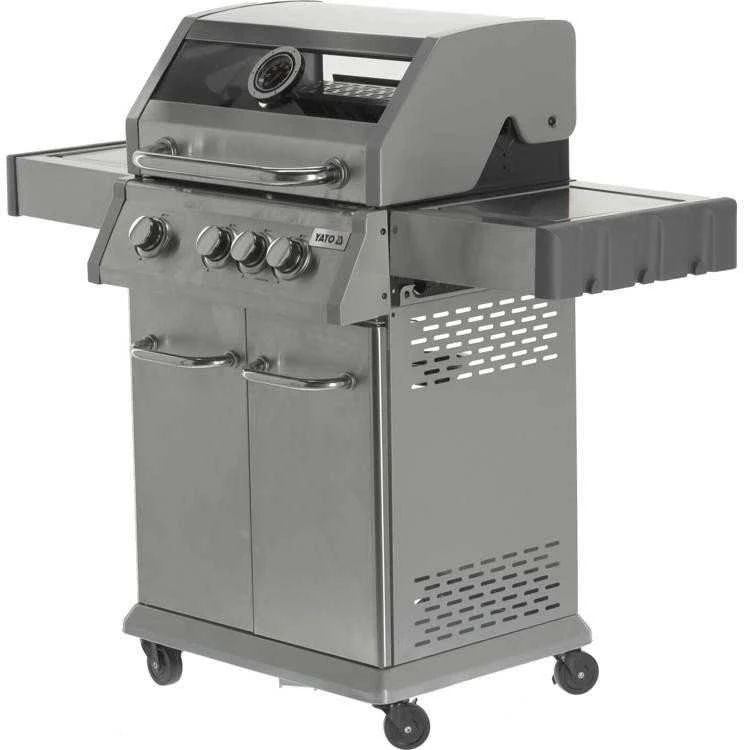 YATO DUJINĖS GRILLĖS 3+1 NERŪDIJANČIOJO PLIENO 11,5KW / STIKLAS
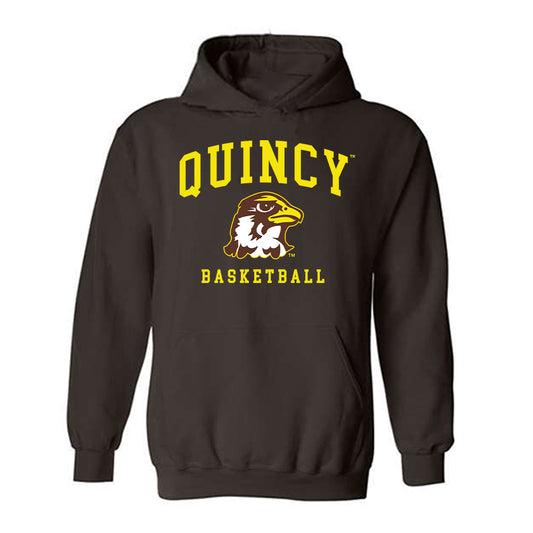 Quincy - NCAA Women's Basketball : Alivia Vaughan - Classic Shersey Hooded Sweatshirt-0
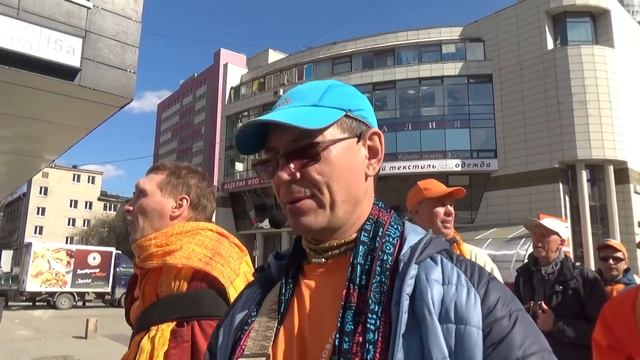 Харинама-санкиртана в Екатеринбурге, 12.05.2018. Эпизод 3. Маладхара дас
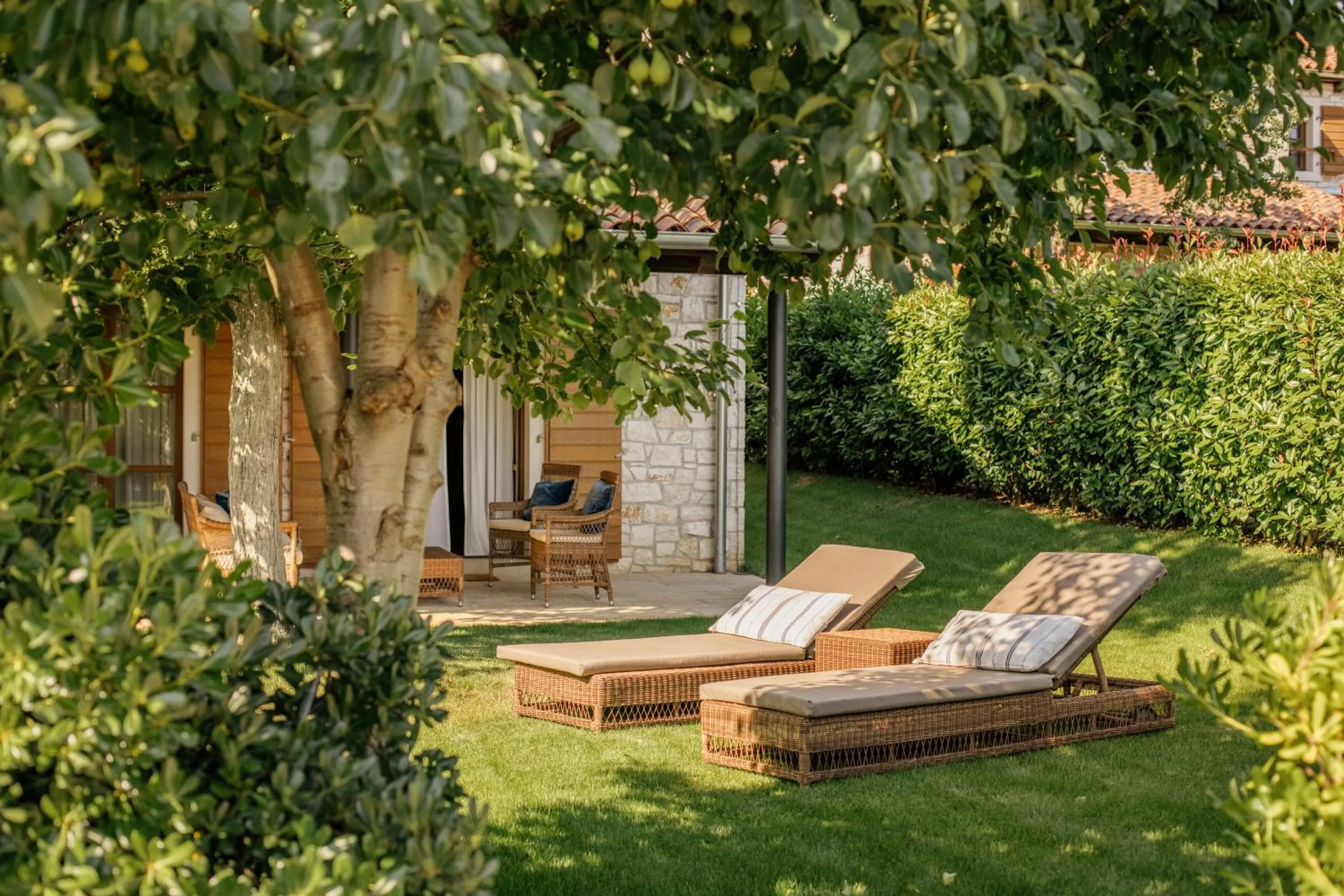 Garden in Meneghetti Wine Hotel and Winery - Relais & Chateaux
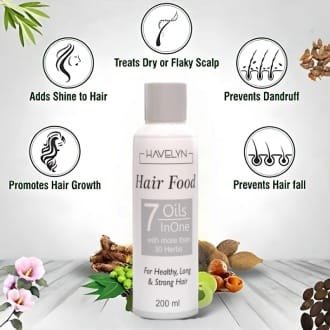 Hair Food Oil - 200ml | Enhance Your Beauty with Healthier, Stronger Hair | Hair Fall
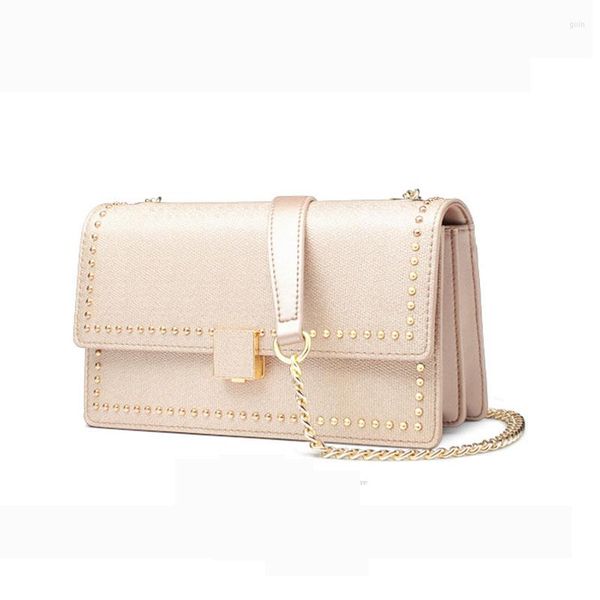 evening bags messenger bag female fashion and shoulder real cowhide all-match simple rivet texture chain small
evening bags messenger bag female fashion and shoulder real cowhide all-match simple rivet texture chain small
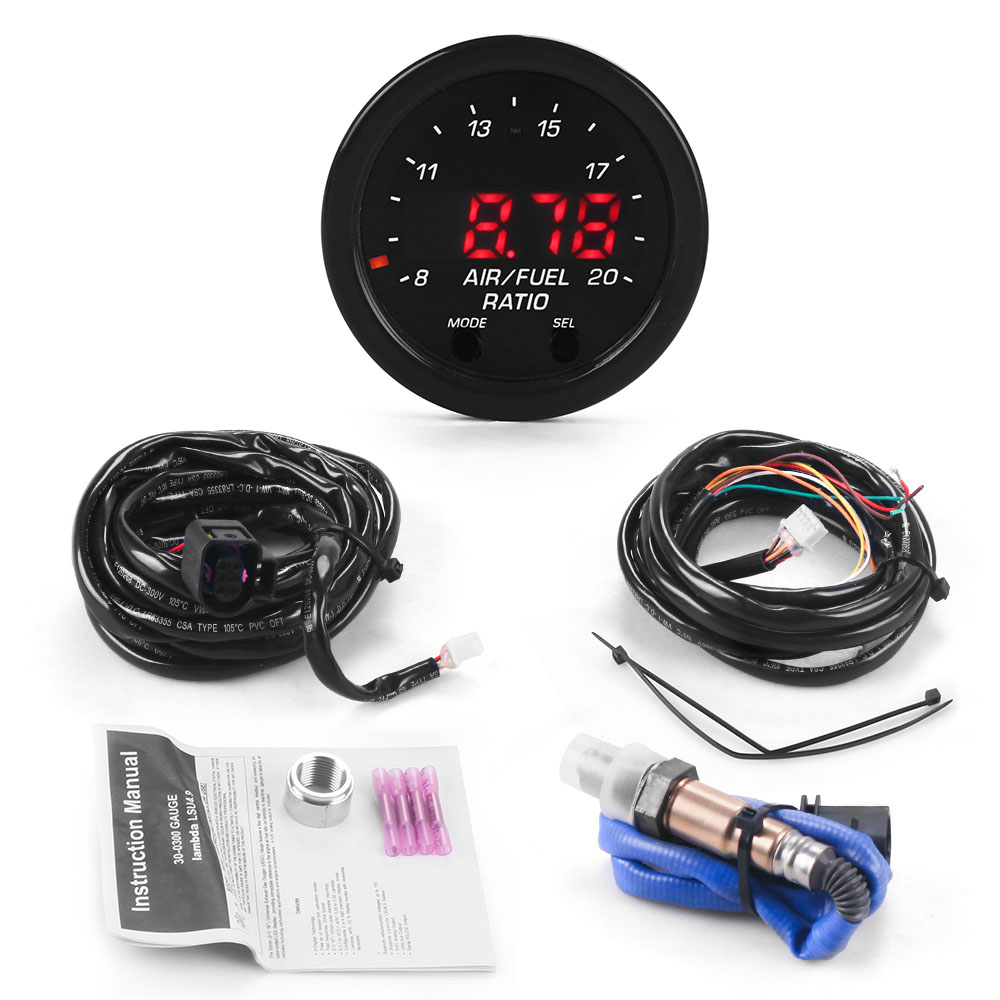 30-0300 X-Series Wideband O2 Air Fuel Ratio Gauge Kit LSU 4.9 ...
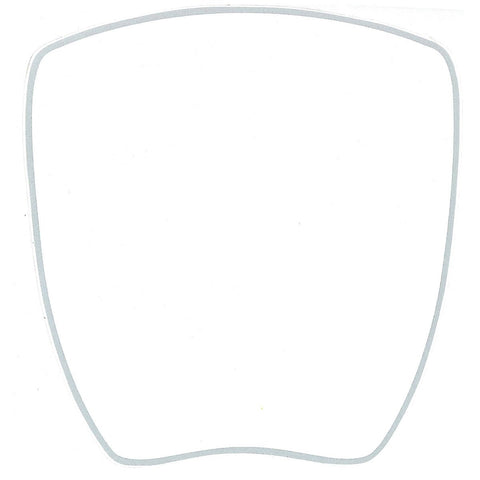 Kartech Number Plate Nassa Sticker - White 205 x 200mm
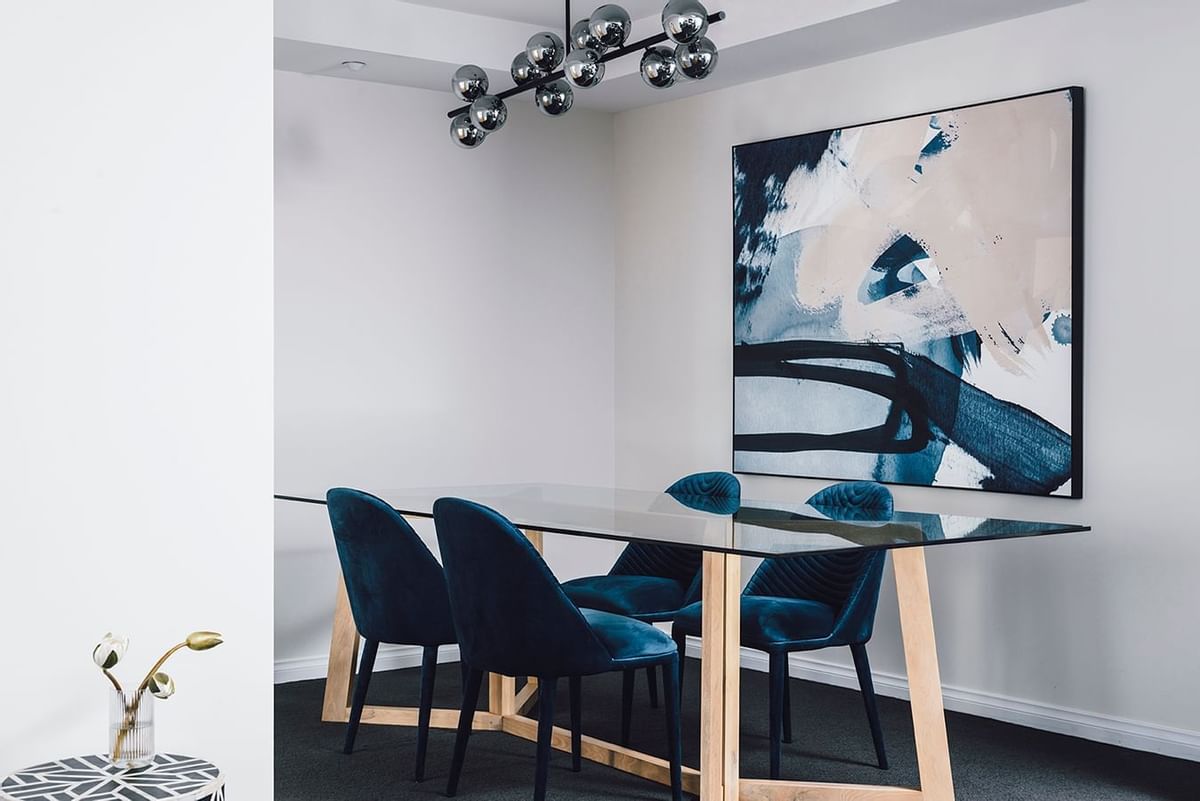 Beautiful wall art in 2 Bedroom 2 Bathroom Premium Apartment at Quay West Suites Melbourne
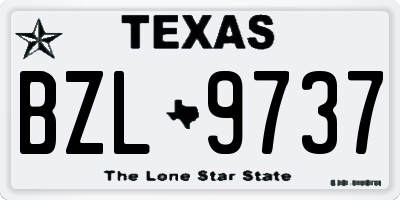 TX license plate BZL9737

== Task to carry out ==
Give every entry again verbatim, with no pictures.

== Written solution ==
 YATO DUJINĖS GRILLĖS 3+1 NERŪDIJANČIOJO PLIENO 11,5KW / STIKLAS
 Quincy - NCAA Women's Basketball : Alivia Vaughan - Classic Shersey Hooded Sweatshirt-0
 Харинама-санкиртана в Екатеринбурге, 12.05.2018. Эпизод 3. Маладхара дас
 Garden in Meneghetti Wine Hotel and Winery - Relais & Chateaux
 Hair Food Oil - 200ml | Enhance Your Beauty with Healthier, Stronger Hair | Hair Fall
 evening bags messenger bag female fashion and shoulder real cowhide all-match simple rivet texture chain small
evening bags messenger bag female fashion and shoulder real cowhide all-match simple rivet texture chain small
 30-0300 X-Series Wideband O2 Air Fuel Ratio Gauge Kit LSU 4.9 ...
 Kartech Number Plate Nassa Sticker - White 205 x 200mm
 Beautiful wall art in 2 Bedroom 2 Bathroom Premium Apartment at Quay West Suites Melbourne
 TX license plate BZL9737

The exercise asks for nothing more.